From the level of detail in the sledge, its couplings, and the locomotive, it seems clear to me that the animators had a historical source to work from. I don’t have any ‘bonus’ features such as a discussion track on my budget copy, but I suspect a request to Dreamworks – or, more specifically, to the individuals who are named in the credits as having oversight of this aspect of the production – might provide the information you need.

Note that one of the characters mentions the name of the railroad in question (in the scene where they think they’ve ‘broken’ the horse) – IIRC Northern Pacific.

I had thought there was some ‘dramatic license’ in the location and circumstances of this transfer (and would also think that small locomotives (e.g. for construction) would be transported across first; we do see completed track on the ‘other side’)

Stonewall Jackson’s troops actually moved at least one locomotive overland (not on rails) during the War for Southern Independence, after capturing a bunch of B&O rolling stock at Harper’s Ferry. The story was in TRAINS sometime in the last few years. Anyway, it was so difficult and so much work the project was abandoned after only one or a very few were moved, even though the Confederacy desperately needed the locomotives.

I have a vague and exceedingly fuzzy memory of the feat having been tried – and managed – during the construction of the CP across the Sierra Nevada. But as I say, very vague, very fuzzy, and no references of any sort to hand…

Why not - in the UK locos were sometimes elivered by dragging them down the road in the early days. If you have an isolated section then you gotta get them there somehow

For a similar feat see the story of the Royal Navy party that dragged 2 steam launches overland to Lake Victoria in the First World War.

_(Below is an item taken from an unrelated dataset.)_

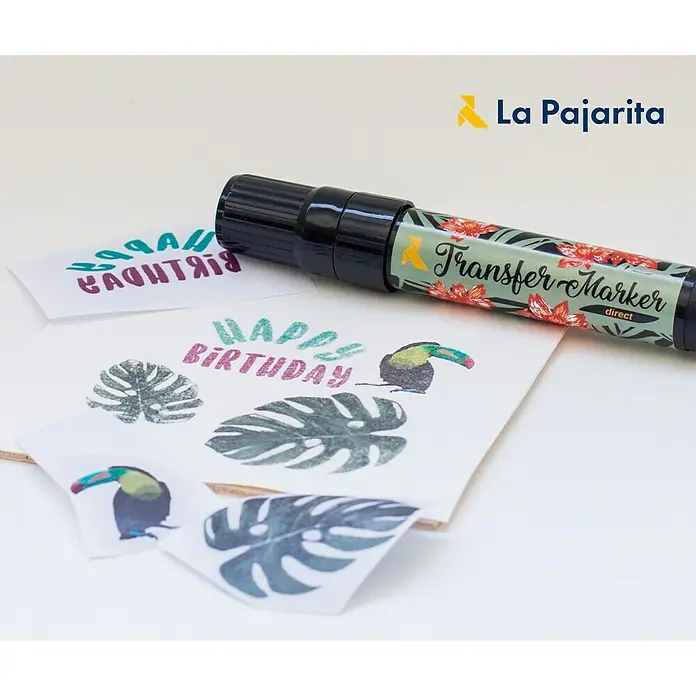 La Pajarita Marcador para ropa Transfer market direct - Incoloro - Primer plano de un La Pajarita Transfer Marker Direct con un diseño floral, junto con un surtido de diseños creados con él sobre papel.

Years ago there was a made-for-TV movie starring Dan Blocker where he was trying to get a steam engine – not a locomotive – over a mountain using a team of horses.
It gave a good feel for just how big an effort that would be. I cannot recall the name of the movie – and I suspect it never even made it to video much less DVD
Dave Nelson

I have not looked for any references, but I am sure it was done.

I once saw a photo of a very large (3 story house) being moved cross country (during the 1890’s) in one piece using rollers and oxen. If the same house were to be moved today, it would be cut up and moved in sections.

During the race to Promentory Utah CP supposedly built a temporary lines around mountains to keep forward progress going while the tunnel crews finised up behind. I dont know If UP ever tried the same thing, CP did get stuck for almost a year blasting out the Summit Tunnel above Truckee. There was simply no other way around. Surveyers, graders, and as many other disciplines that could be sent ahead were, and when the tunnel was finally completed they made very fast progress.

The movie may have been “Something for a Lonely Man”.

According to Ambrose’s “Nothing Like it in the World,” on November 24, 1866, two engines were removed from the tracks at Cisco, CA and placed on skid sleds (half logs, greased on the bottom. “Hundreds of Chinese tugged a ropes alongside mule tieam and horse teams to skid the locomotives over the summit”

However, the “Empire Express” states that CP had plans to move engines and cars across the summit but this move was prevented by the heavy snows of the winter of 1866.

These were not the first engines moved across country because CP had removed the cab, wheels, and axles from an old 12 ton locomotive and skidded it to the top of the summit tunnel to serve as a hoisting engine so that the tunnel could be worked from four faces instead of 2. This effort used oxen and a specially built wagon with wheels 2 foot wide.